Luke continues on to grab as much information as he can about the Jedi Order. He's hardly present to his old friends, who miss him and wish he'd come home. But Luke's found his answer, hasn't he? The Jedi must come back, he owes Yoda and Ben that much. So when Leia brings her son, who's been messed with by Snoke since conception, to Luke he assumes he can deal with it. He converted Darth Vader, after all, how hard can it be?
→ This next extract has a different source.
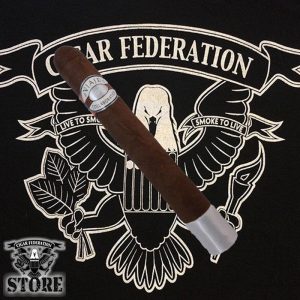 Viaje Collaboration 2015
After all this time, it all ends the same way it began for Luke: in fire and death. Only this time it's definitely his fault. Luke got arrogant and didn't respect his nephew's formidable power and it got a lot of people killed. Luke had formed a new family of Jedi. He sought them out and trained them and poured everything he had into their hearts, only to lose them in exactly the same way that he lost his Uncle Owen and Aunt Beru. Coming full circle, Luke realizes what a waste thirty years has been. Thirty years of advancement and adventure, his whole life and its meaning, is gone. He had abandoned the only people who had actually meant anything to him, Han and Leia and Chewie, and it ended in fire and death. And it's entirely his fault. At the end of it all he's not even a 19 year old boy who just lost his aunt and uncle, but an old man who wasted his life on a wild goose chase. He's just an old fool who's done no good for anyone, anywhere.
Yeah, I'd leave for parts unknown too. I wouldn't want to look my sister and brother-in-law and friend in the face and admit that I'd screwed up after all those years, I'd want to leave and try to clear my head. Maybe somewhere there's answers to help me figure out who I'm supposed to be now.
Because, ultimately, power means nothing to Luke, only relationship holds any sway over him. But you can't relate to anyone if you don't know who you are. And I highly doubt Luke has a clue, even now, who he is in the wake of Ben Solo becoming Kylo Ren.
More after I've watched the movie. We'll see if Johnson is thinking anything close to what I am.